» **About this task**:
Every line from the line containing "สีน้ำทาภายนอก ชนิดกึ่งเงา NIPPON" through the end of the data is to be reproduced exactly, excluding pictures.

☆ ☆ ☆ ☆ ☆ ☆ ☆

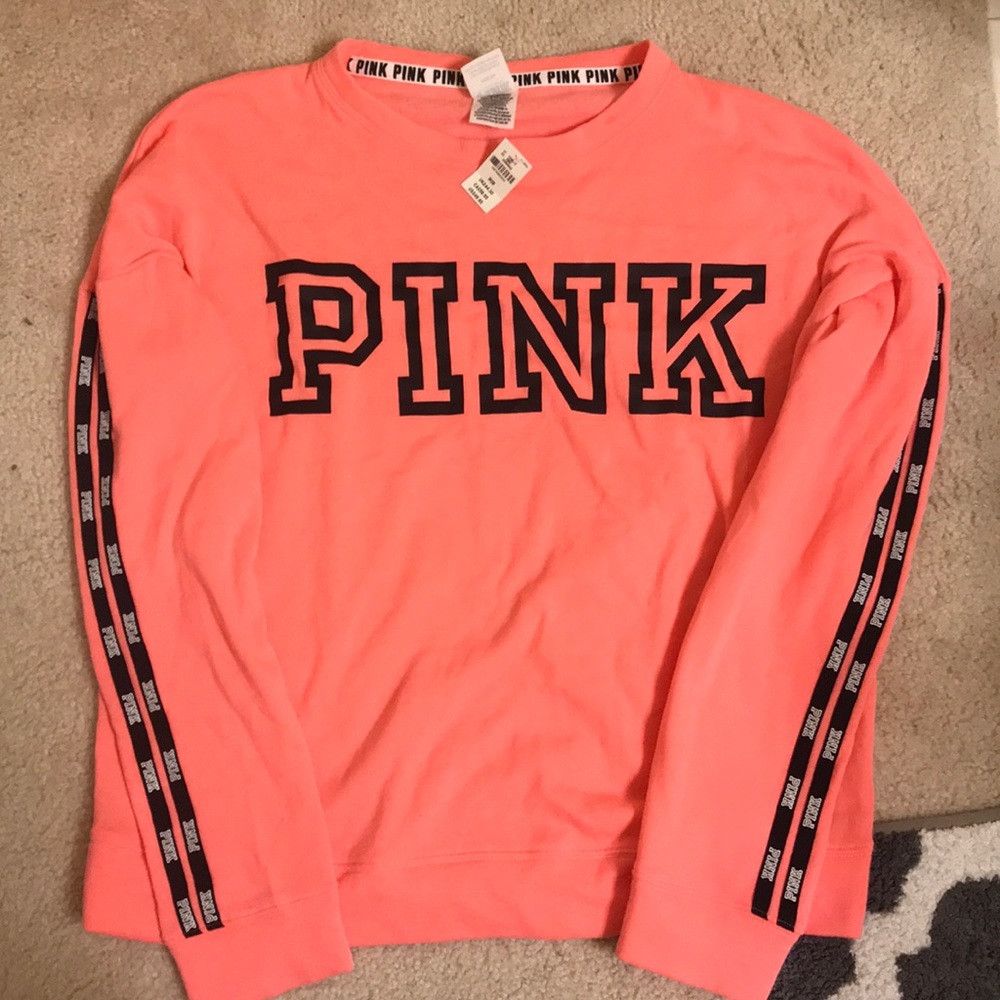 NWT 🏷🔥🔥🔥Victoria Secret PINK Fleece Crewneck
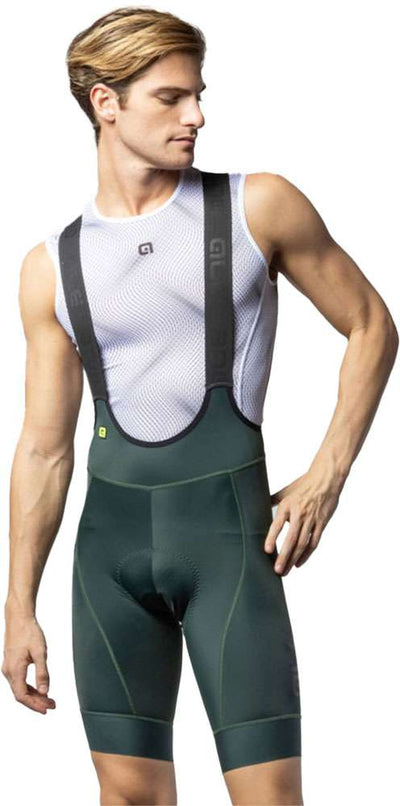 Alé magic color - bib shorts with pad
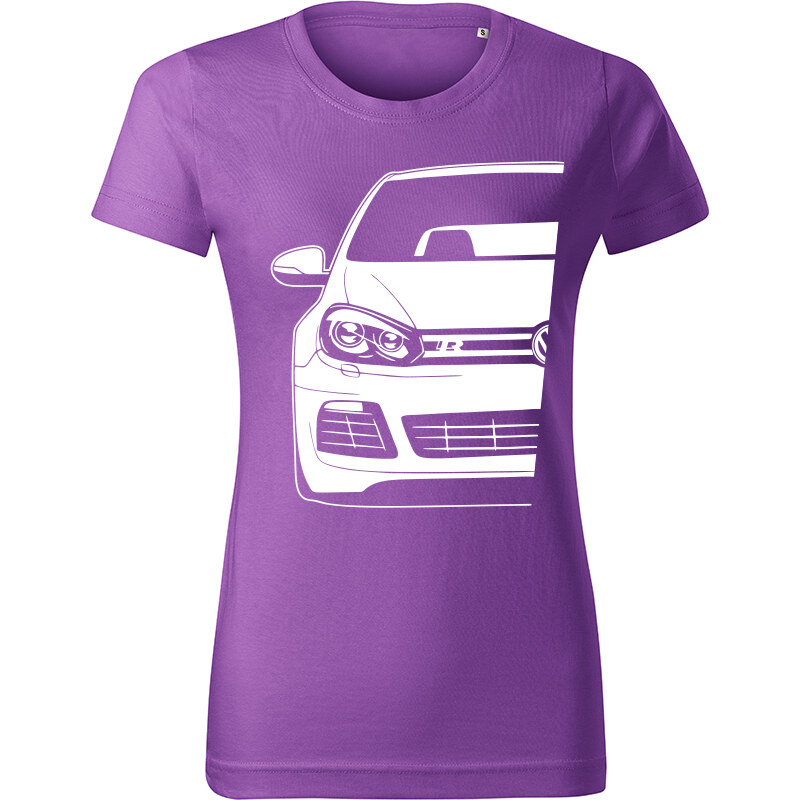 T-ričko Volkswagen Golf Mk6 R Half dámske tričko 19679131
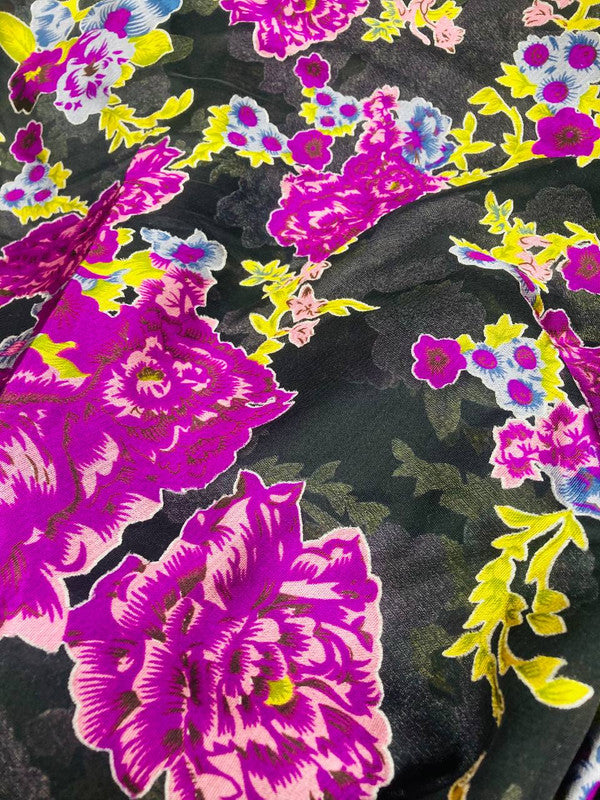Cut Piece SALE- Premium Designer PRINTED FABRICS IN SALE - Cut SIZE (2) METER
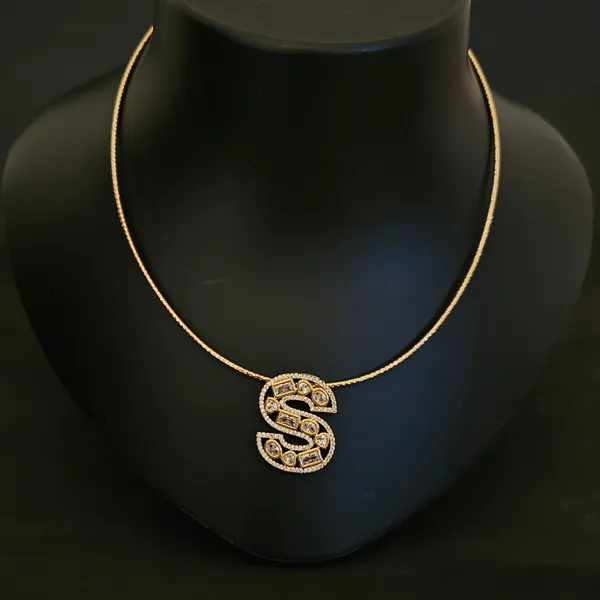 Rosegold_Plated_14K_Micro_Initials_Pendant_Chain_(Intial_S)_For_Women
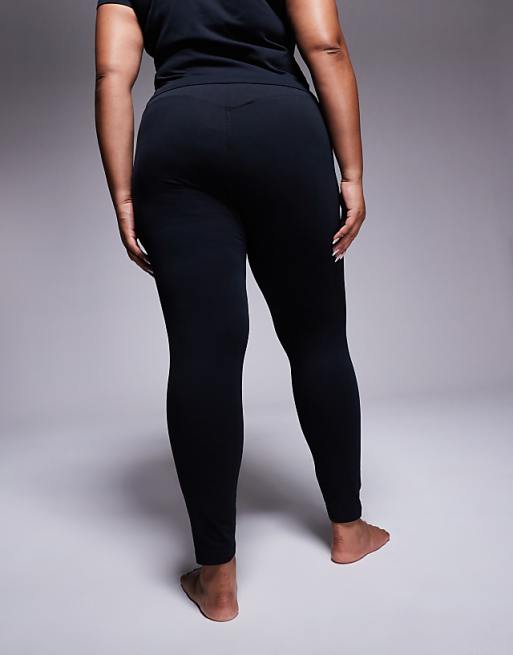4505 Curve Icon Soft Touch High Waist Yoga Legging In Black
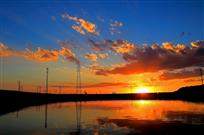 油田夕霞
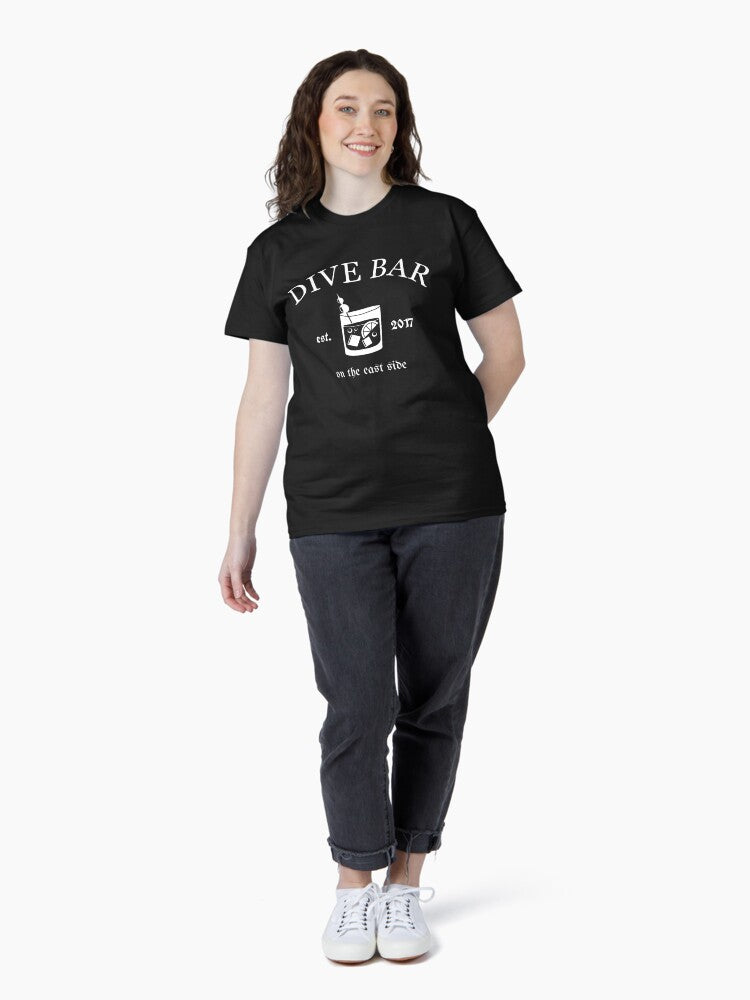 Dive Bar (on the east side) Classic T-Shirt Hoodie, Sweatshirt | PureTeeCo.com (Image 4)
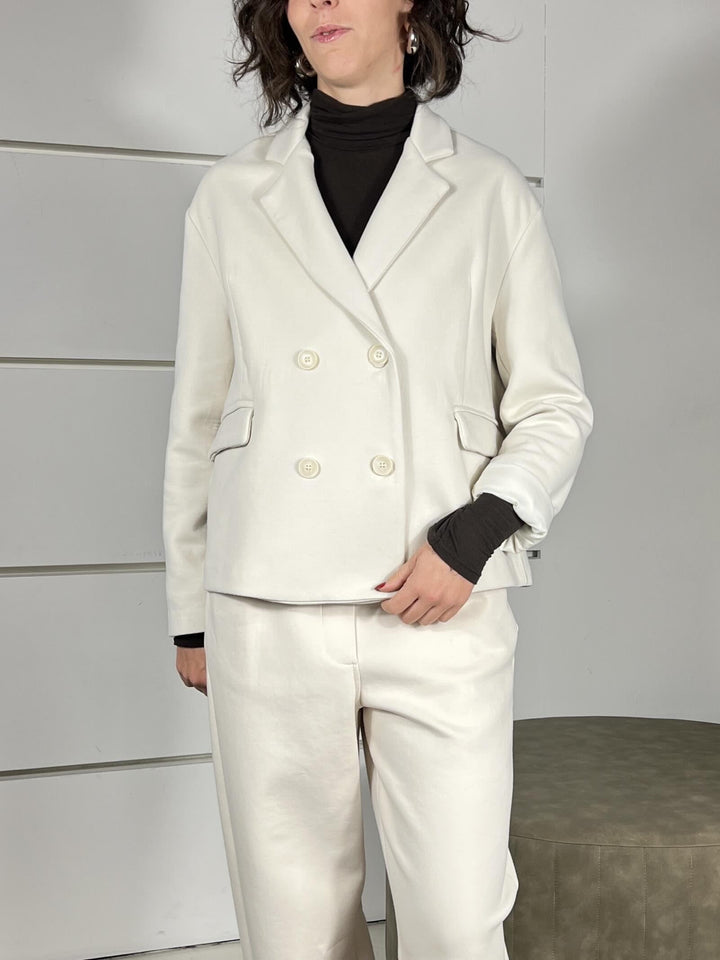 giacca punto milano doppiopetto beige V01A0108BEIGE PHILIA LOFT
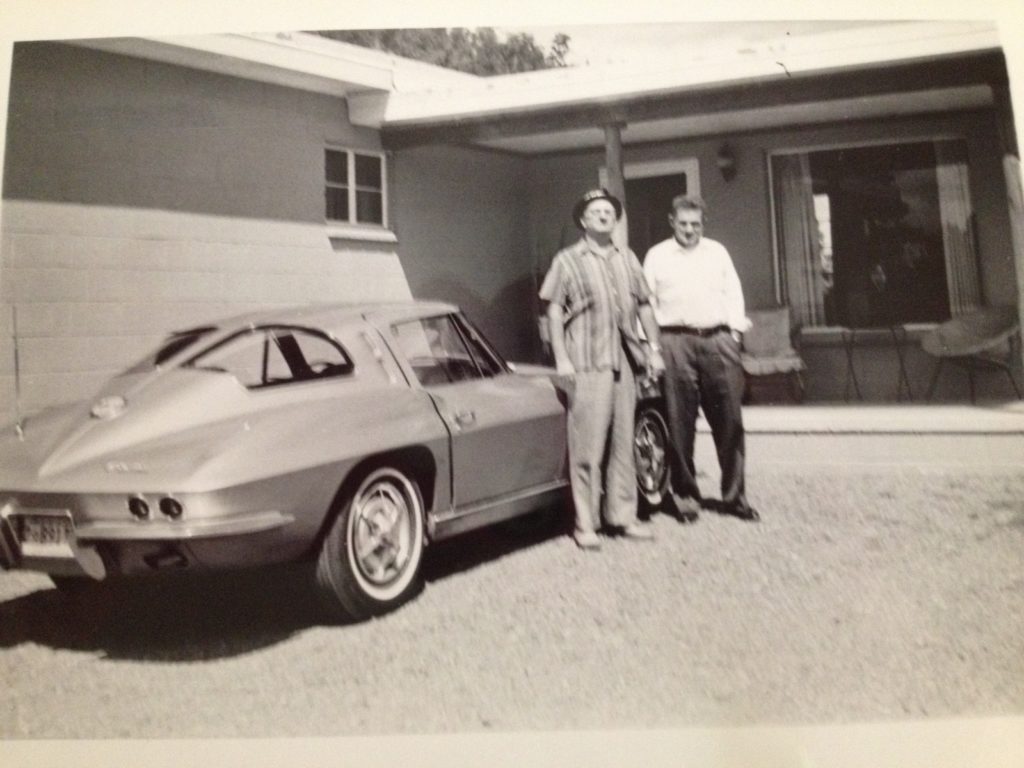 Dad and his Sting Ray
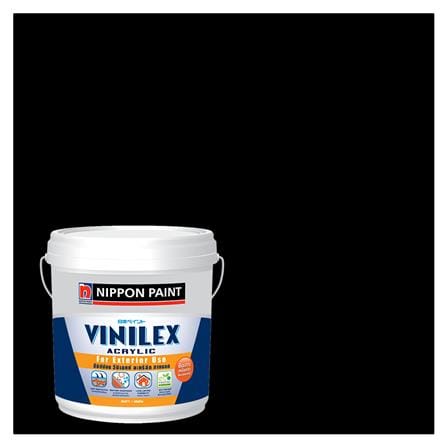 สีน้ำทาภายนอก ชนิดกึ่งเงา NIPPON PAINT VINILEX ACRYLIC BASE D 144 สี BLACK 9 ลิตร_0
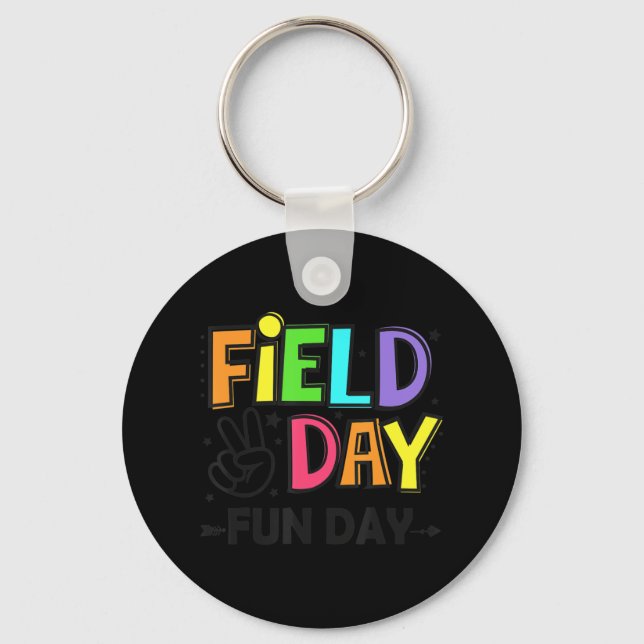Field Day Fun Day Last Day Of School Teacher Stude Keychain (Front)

☆ ☆ ☆ ☆ ☆ ☆ ☆

» **Your response**:
 สีน้ำทาภายนอก ชนิดกึ่งเงา NIPPON PAINT VINILEX ACRYLIC BASE D 144 สี BLACK 9 ลิตร_0
Field Day Fun Day Last Day Of School Teacher Stude Keychain (Front)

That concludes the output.